As his paychecks make their exit behind us, the hawker trails us briskly into the street. I notice that this pissed off fella is following us, so I grab Frankie and we weave quickly between the street stands. Unable to completely evade him we seek solace in a 7-eleven and head straight to the back. In walks the hawker. Between us is a 7 year old girl playing in the aisle. The hawker looks at us, looks at the girl, and looks at us again, and walks out. We wait 2 or 3 minutes before making our own exit.

And that, ladies and gentlemen, was the only time I felt unsafe the entire trip.

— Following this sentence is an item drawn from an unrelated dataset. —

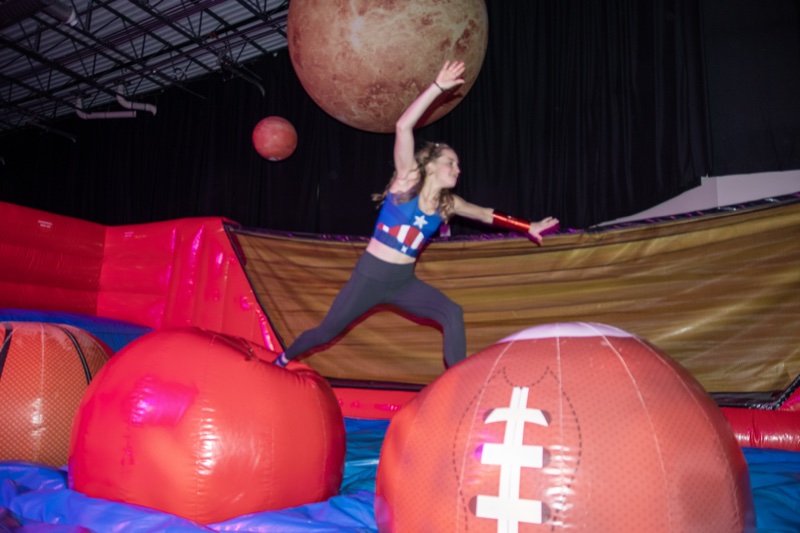 Captain America clears the giant footballs with planets overhead at Denver's Coloween Halloween party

After that completely effed up experience, we head to the gay red light district, adjacent to Patpong, where we meet up with a couple from New Zealand that Frank had befriended earlier in the day. We spend the evening hopping from gay bar to lady boy cabaret to gay bar. For the record, the gay bars of Bangkok are not like the ones I’m used to in the States. They are, as far as I can tell, completely devoid of straight chick friends of gay dudes who just like to dance in a super energized, non-threatening environment. Except when I’m in town; then, they have one. Let’s just say I got a lot of strange looks from old sexpats and young Thai boys throughout the evening, but I danced my ass off just the same.

The next day we ride a river taxi up to the old city of Bangkok to see the sites. I’m not going to bore you with the details on this one. Basically we saw the extravagant Royal Palace, where Frank nearly melted in the heat of the sun until he was revived by the water of a single coconut, and stopped by Khao San Road, which was, as expected, a tourist ghetto.







 (look Thai Ronald!)

Oh and for all you fans of that annoying rainbow spacecat, I give you:


At this point in the afternoon, I’m pretty done with Bangkok. Like, probably for the rest of my life, unless of course Tom wants to take me and show me the side I must have missed. I head back to the hotel for some pool time and itinerary-izing for the rest of our trip. Seriously, though, fuck everything about that place except the metered taxis.